## Available data:

_ _ _

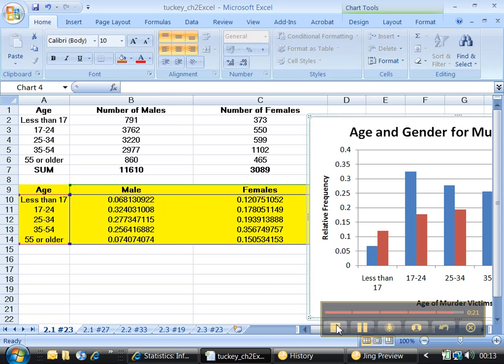All righty then, we're done with 2.1 number 23. Next time, we'll move on to 2.1 number 27.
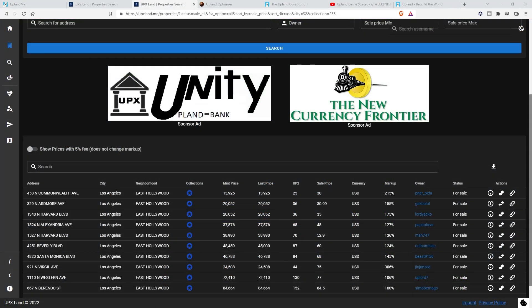Again, the lower below the floor you price something, the faster it's going to sell, but of course, the more of a loss you're going to incur. It's definitely a give and take relationship.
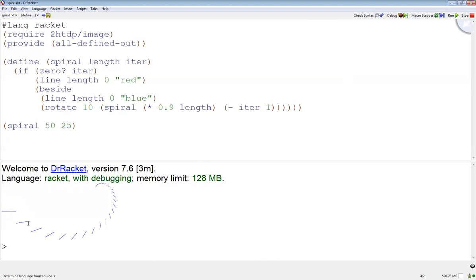So this would be the first one - when iteration is 25, this is the one that's iteration 24. And you can see the image library is producing this whole image and then aligning them up at their center, which is not really what I want.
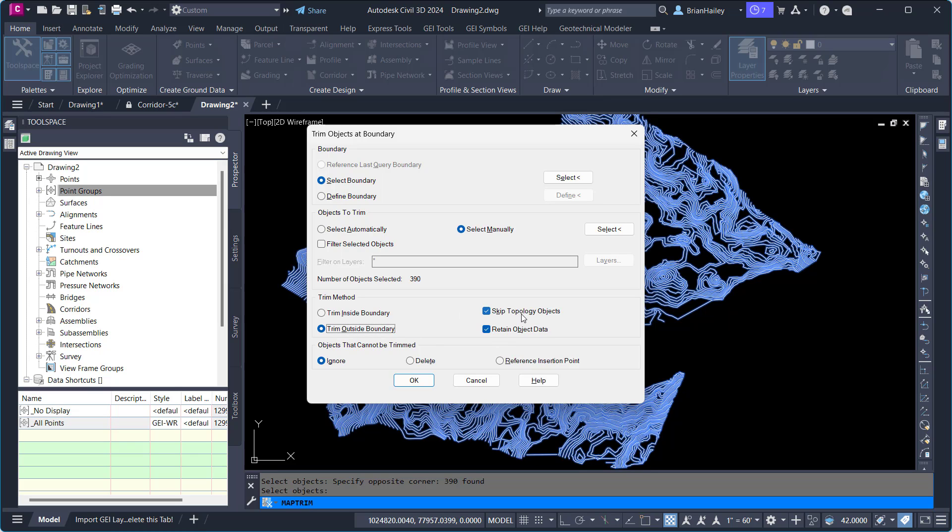I have topology objects, which I don't. I'm not worried about object data. And then there's objects that can't be trimmed. These are things such as blocks.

_ _ _

## The problem:
Pictures stay out; output the lines from the top of the listing above through the line containing "So this would", exactly as they stand.

## Solution to the exercise:
All righty then, we're done with 2.1 number 23. Next time, we'll move on to 2.1 number 27.
Again, the lower below the floor you price something, the faster it's going to sell, but of course, the more of a loss you're going to incur. It's definitely a give and take relationship.
So this would be the first one - when iteration is 25, this is the one that's iteration 24. And you can see the image library is producing this whole image and then aligning them up at their center, which is not really what I want.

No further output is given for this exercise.